• **PROBLEM REQUIREMENTS**: Set down exactly the lines from the one containing "skaitmeninės barista svarstyklės" to the final line of the records below, with every picture omitted.

• **DATA EXTRACTS**:
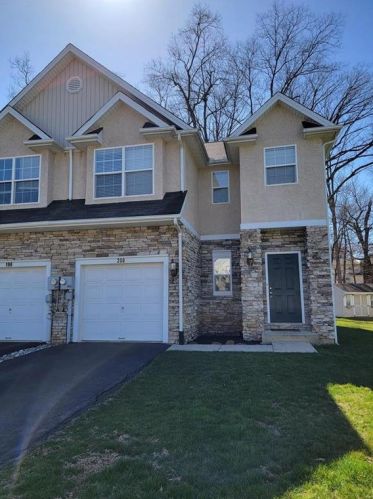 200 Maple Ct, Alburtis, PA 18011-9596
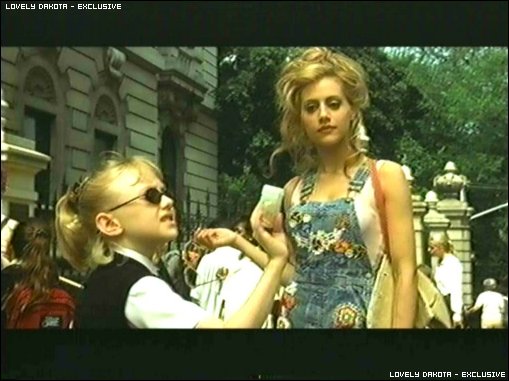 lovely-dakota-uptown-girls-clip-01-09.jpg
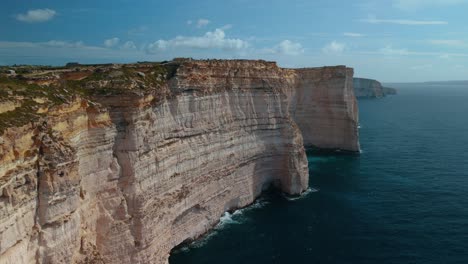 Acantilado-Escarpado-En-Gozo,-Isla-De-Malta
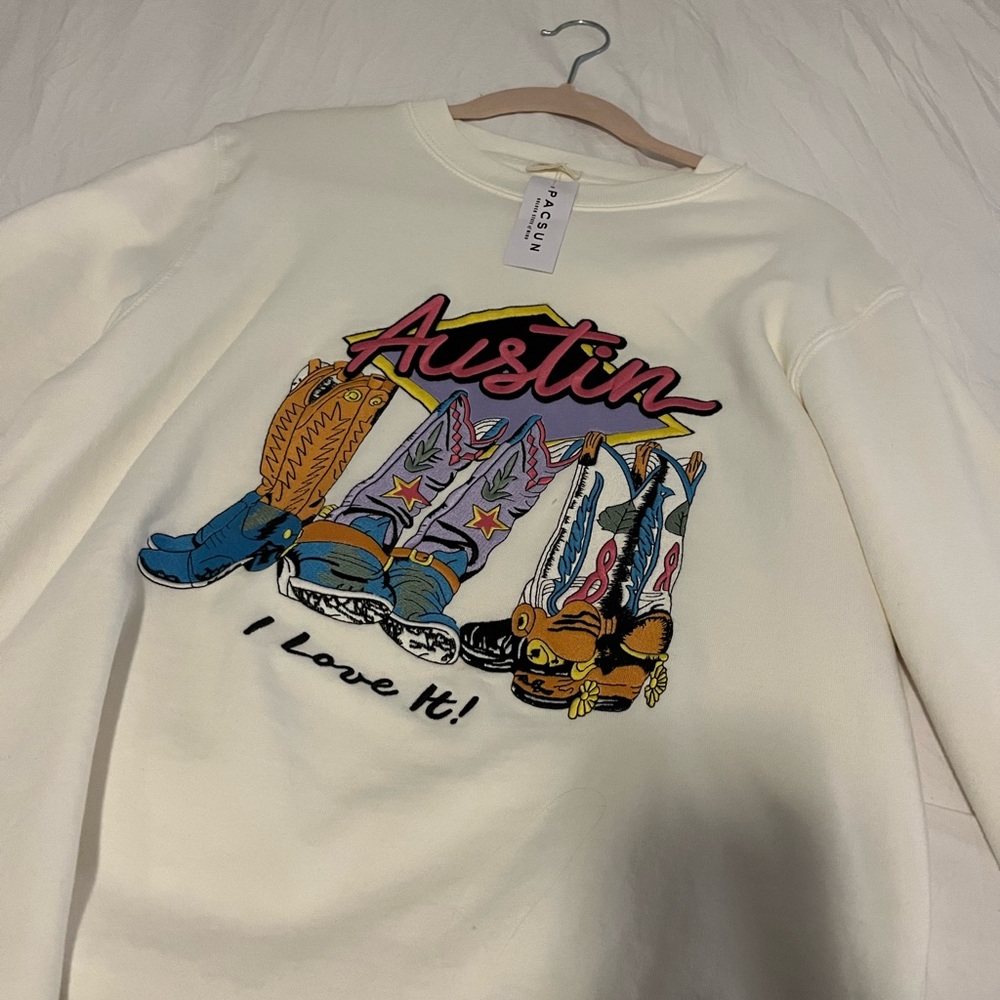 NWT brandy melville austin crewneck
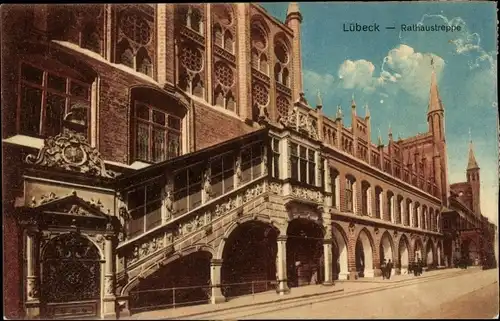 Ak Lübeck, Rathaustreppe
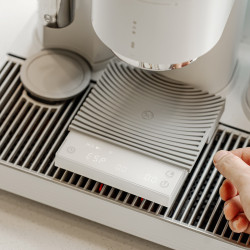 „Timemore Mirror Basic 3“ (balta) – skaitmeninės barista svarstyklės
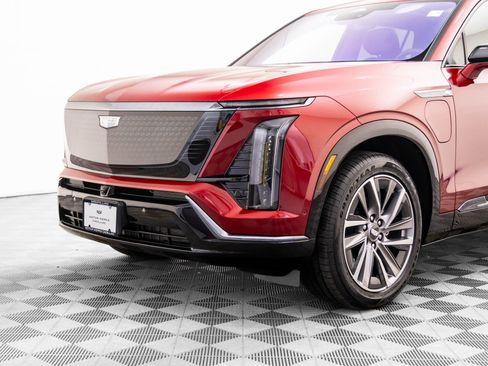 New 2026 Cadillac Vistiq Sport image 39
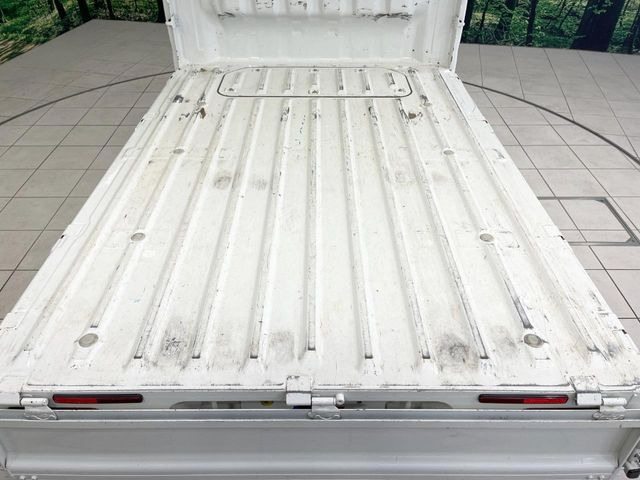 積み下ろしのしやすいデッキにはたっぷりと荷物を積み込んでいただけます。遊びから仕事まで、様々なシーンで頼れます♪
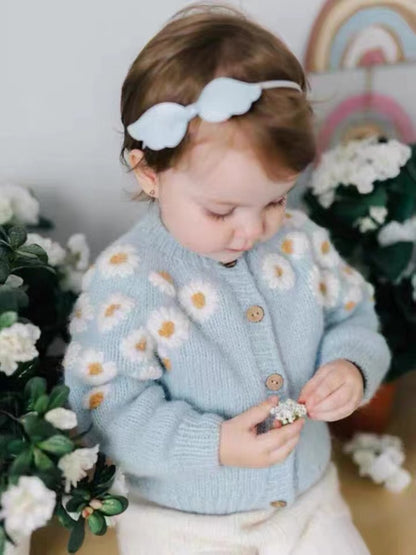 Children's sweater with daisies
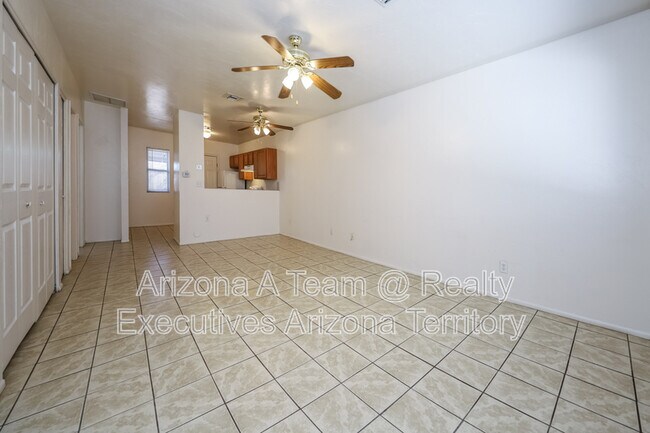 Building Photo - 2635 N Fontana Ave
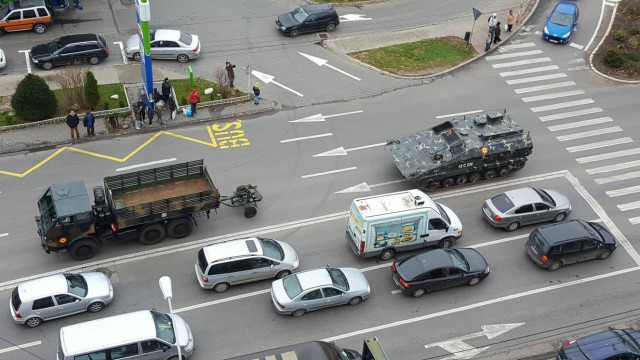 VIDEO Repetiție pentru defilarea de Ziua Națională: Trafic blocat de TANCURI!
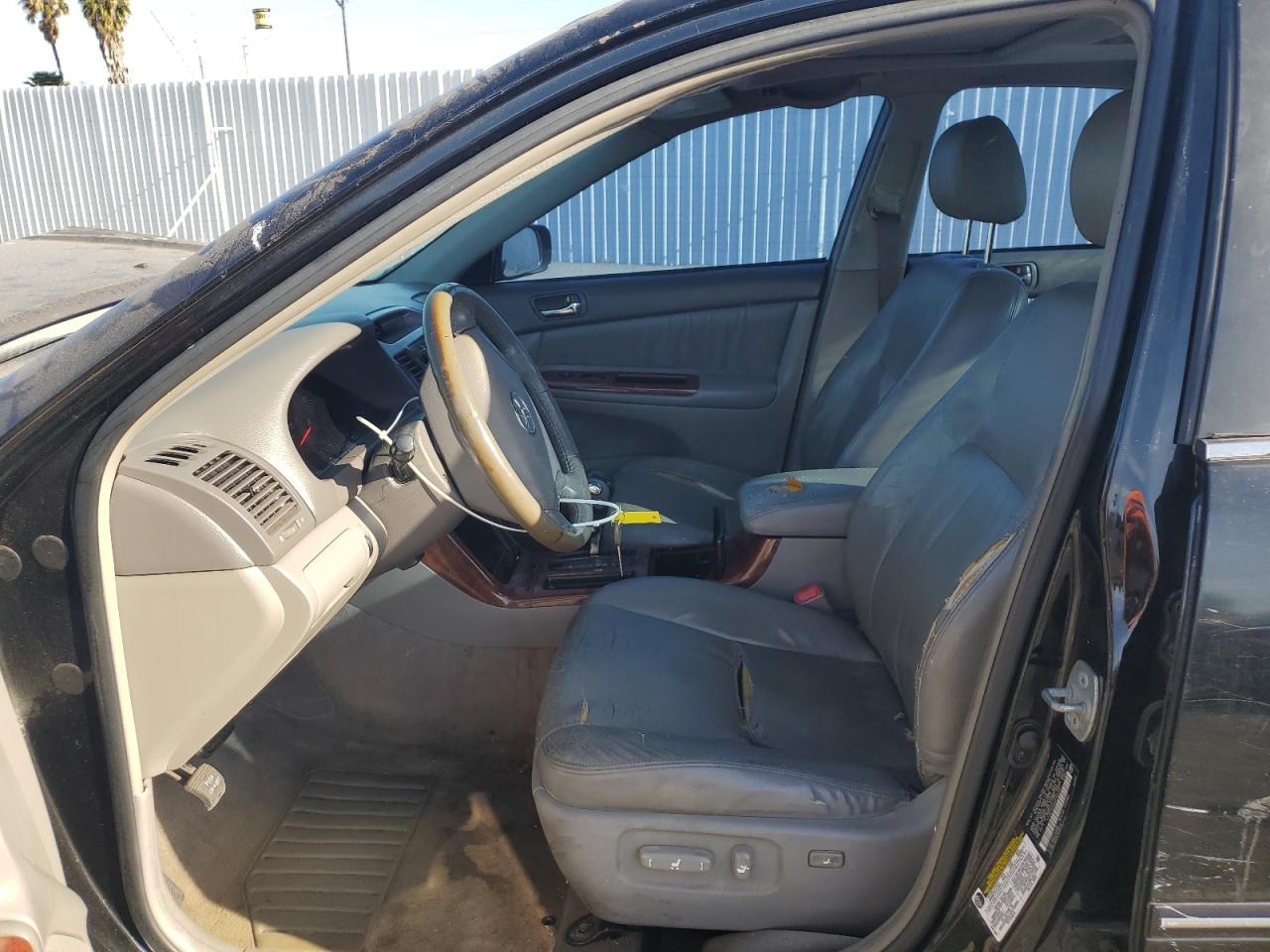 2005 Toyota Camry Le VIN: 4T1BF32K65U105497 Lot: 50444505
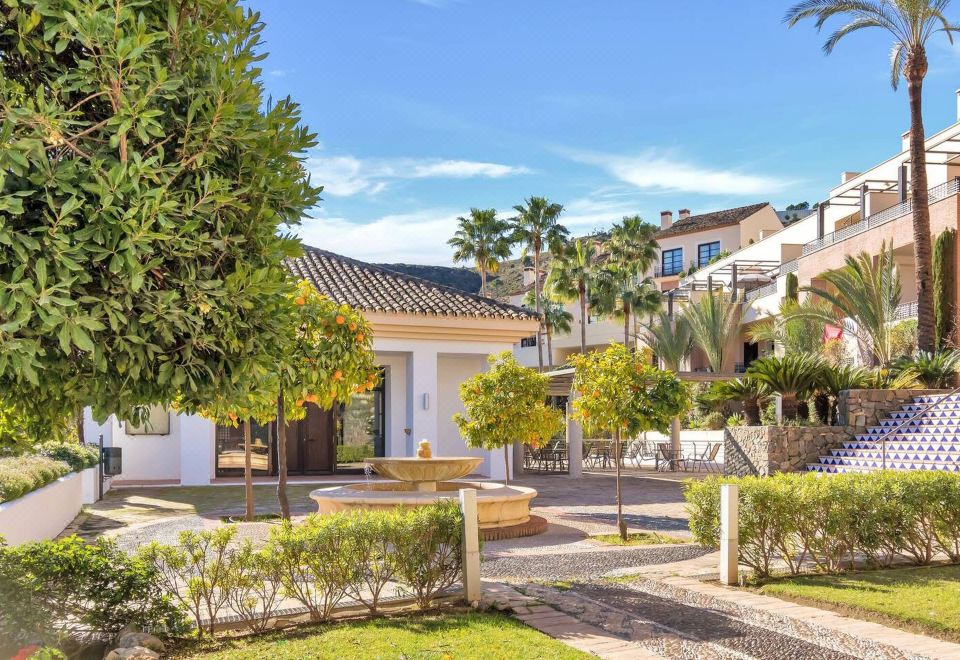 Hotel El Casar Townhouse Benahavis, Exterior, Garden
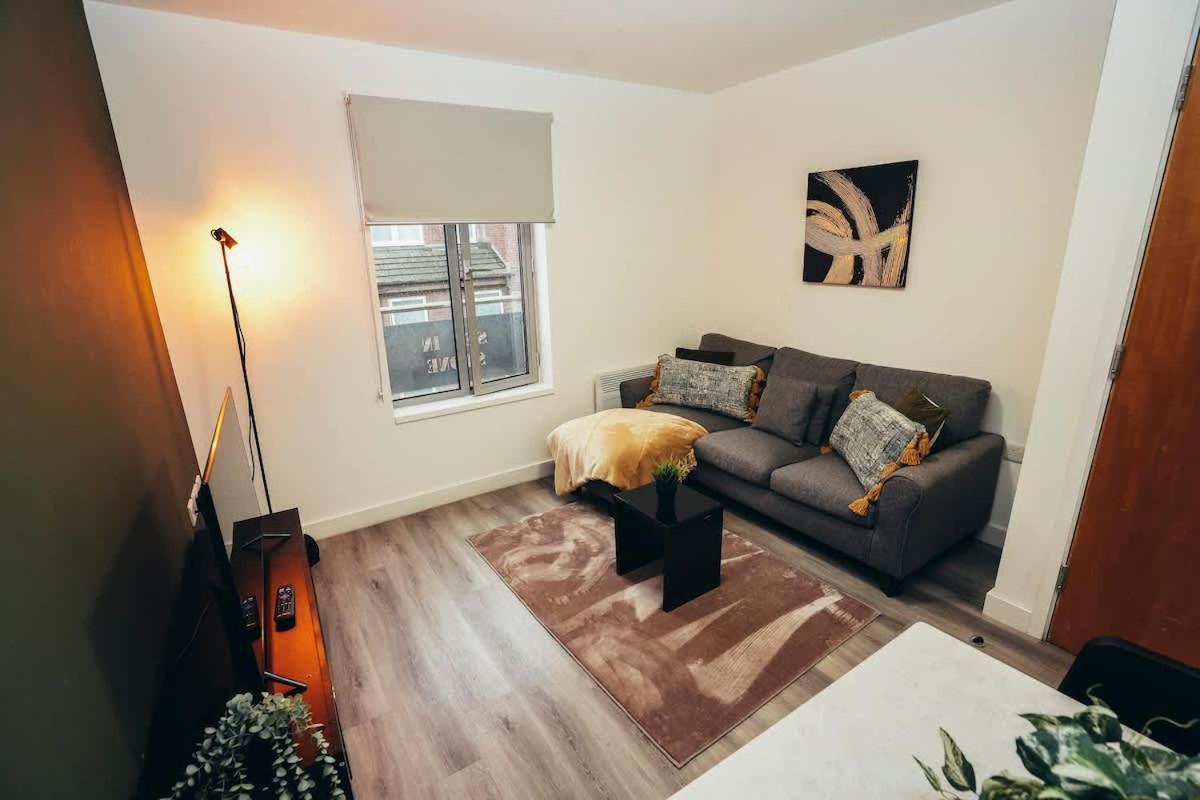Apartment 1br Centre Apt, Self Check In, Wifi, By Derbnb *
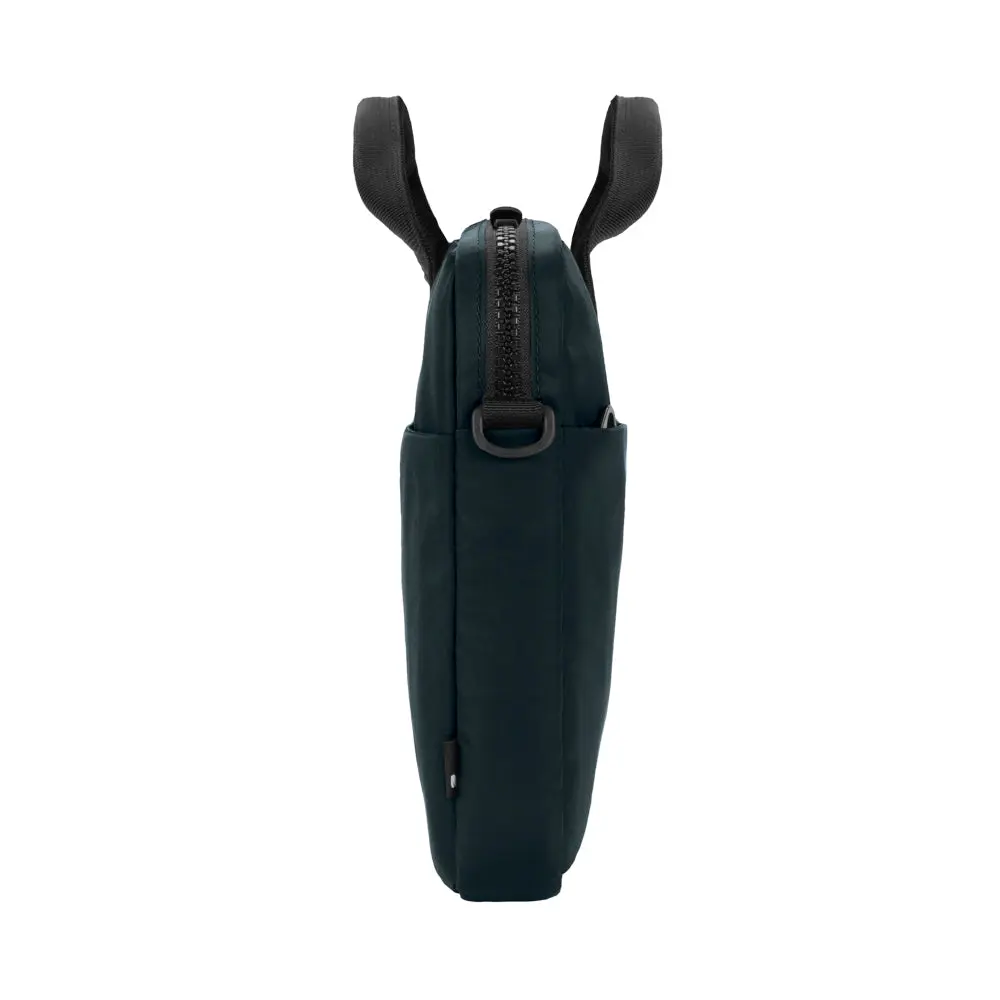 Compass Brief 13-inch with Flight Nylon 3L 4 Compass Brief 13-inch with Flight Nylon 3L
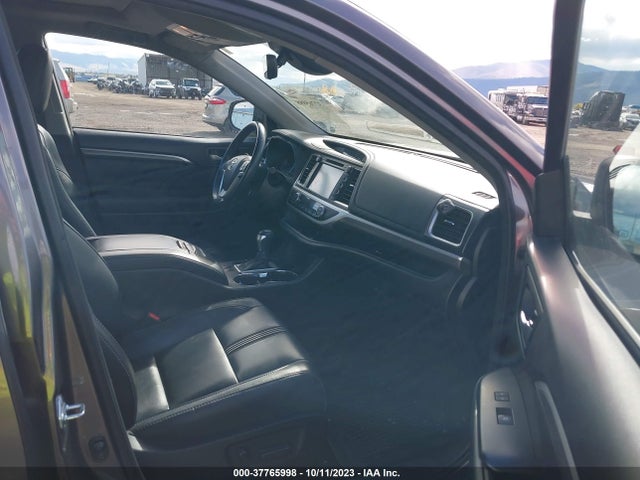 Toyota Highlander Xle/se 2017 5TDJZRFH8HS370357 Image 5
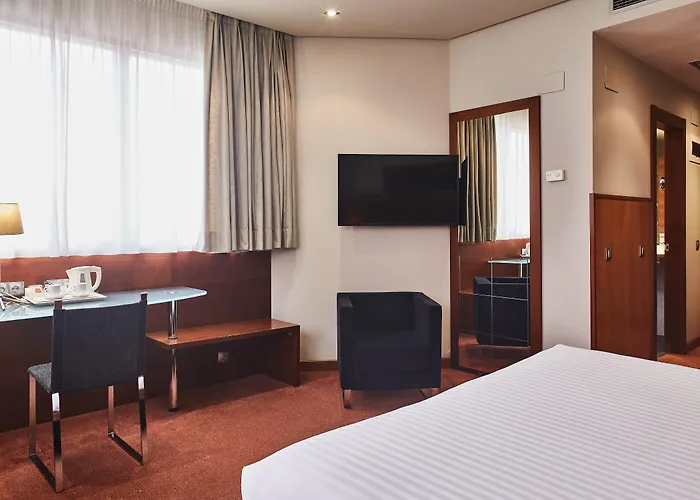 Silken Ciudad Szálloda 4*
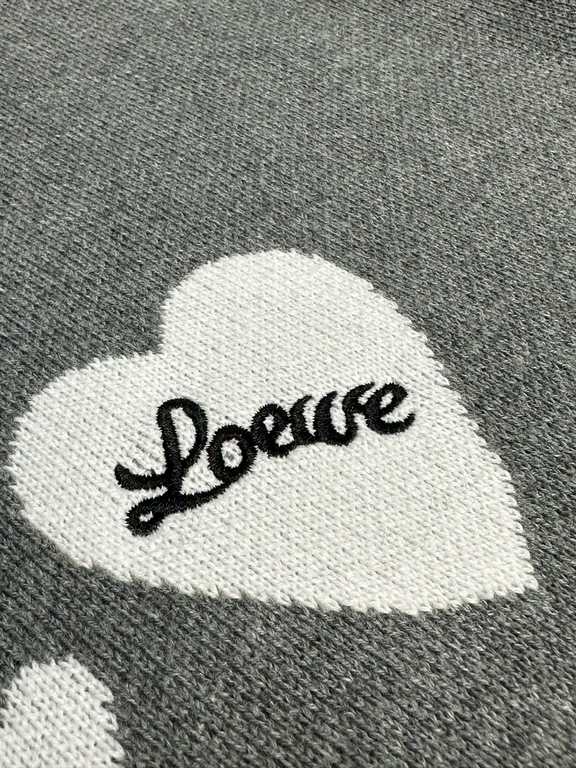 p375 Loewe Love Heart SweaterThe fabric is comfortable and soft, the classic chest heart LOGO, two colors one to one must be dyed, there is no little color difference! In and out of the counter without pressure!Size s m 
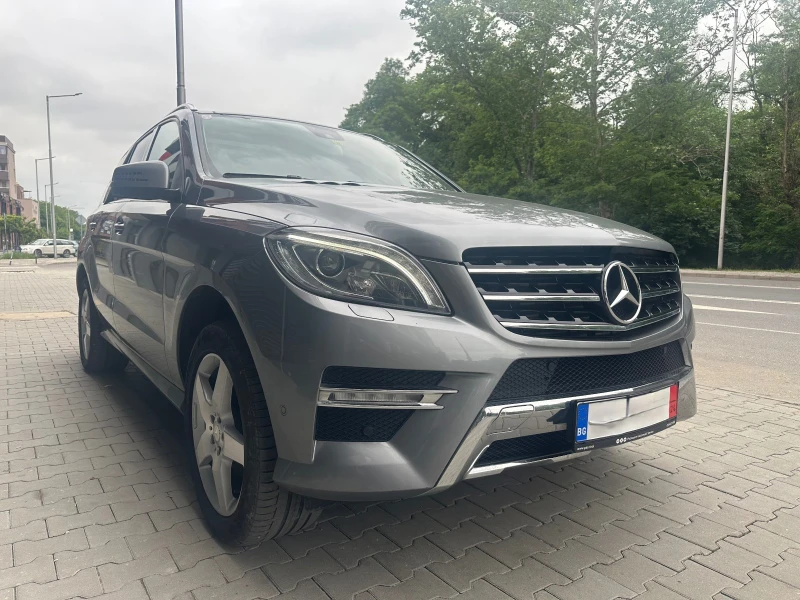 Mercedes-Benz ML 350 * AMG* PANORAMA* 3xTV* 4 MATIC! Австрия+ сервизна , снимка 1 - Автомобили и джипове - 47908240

• **TASK SOLUTION**:
 „Timemore Mirror Basic 3“ (balta) – skaitmeninės barista svarstyklės
 New 2026 Cadillac Vistiq Sport image 39
 積み下ろしのしやすいデッキにはたっぷりと荷物を積み込んでいただけます。遊びから仕事まで、様々なシーンで頼れます♪
 Children's sweater with daisies
 Building Photo - 2635 N Fontana Ave
 VIDEO Repetiție pentru defilarea de Ziua Națională: Trafic blocat de TANCURI!
 2005 Toyota Camry Le VIN: 4T1BF32K65U105497 Lot: 50444505
 Hotel El Casar Townhouse Benahavis, Exterior, Garden
Apartment 1br Centre Apt, Self Check In, Wifi, By Derbnb *
 Compass Brief 13-inch with Flight Nylon 3L 4 Compass Brief 13-inch with Flight Nylon 3L
 Toyota Highlander Xle/se 2017 5TDJZRFH8HS370357 Image 5
 Silken Ciudad Szálloda 4*
 p375 Loewe Love Heart SweaterThe fabric is comfortable and soft, the classic chest heart LOGO, two colors one to one must be dyed, there is no little color difference! In and out of the counter without pressure!Size s m 
 Mercedes-Benz ML 350 * AMG* PANORAMA* 3xTV* 4 MATIC! Австрия+ сервизна , снимка 1 - Автомобили и джипове - 47908240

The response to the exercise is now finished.